La “Scuola del Popolo”: risposte a dubbi e curiosità per saperne di più sul progetto
D. Quale obiettivo per la Scuola del Popolo?
R. La Scuola del Popolo si propone di rivitalizzare le sedi della CGIL attraverso l’animazione culturale che dia impulso alla socializzazione e la discussione tra le persone. Mentre impazzano le “agorà” telematiche, sono venuti, purtroppo, a mancare i luoghi fisici dove discutere, approfondire, elaborare e parlare dei propri problemi quotidiani. Ecco! Le sedi della CGIL devono essere messe a disposizione di tutti per favorire e creare nuove opportunità di stare insieme.

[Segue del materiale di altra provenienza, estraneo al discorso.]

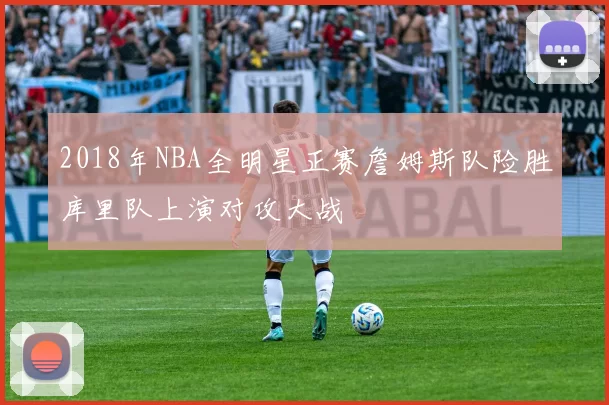 2018年NBA全明星正赛詹姆斯队险胜库里队上演对攻大战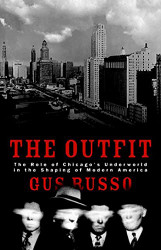 Outfit: The Role of Chicago's Underworld in the Shaping of Modern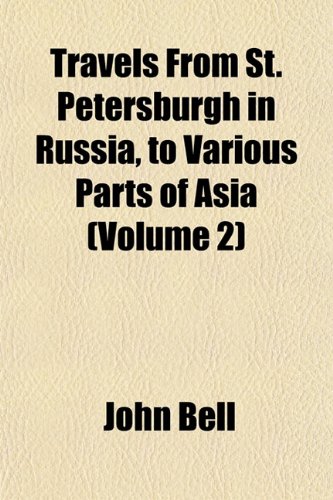 Travels From St. Petersburgh in Russia, to Various Parts of Asia (Volume 2) (9781151833273) by Bell, John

D. Perché si chiama “Scuola”?
R. Scuola con un’accezione antica. La parola scuola viene, infatti, dal greco: skholé che inizialmente indicava l’ozio, l’occupare piacevolmente il tempo libero, per poi passare ad indicare la discussione e la lezione. A questo pensiamo quando parliamo di “scuola” sottolineando il concetto di imparare, di approfondire e socializzare. Non luogo fisico dove si conseguono diplomi o titoli quindi: a questi ci pensano già altre istituzioni e organizzazioni.
D. Perché “del popolo”?
R. Perché questa parola ha oggi un significato rievocativo fondamentale per il nostro futuro politico. Un sapore di un qualcosa di conosciuto, caldo ma anche forte e intriso di storia e passione. Perché il popolo è quello da cui siamo nati e siamo cresciuti politicamente, perché è una parola essenziale per la CGIL e la sinistra in genere.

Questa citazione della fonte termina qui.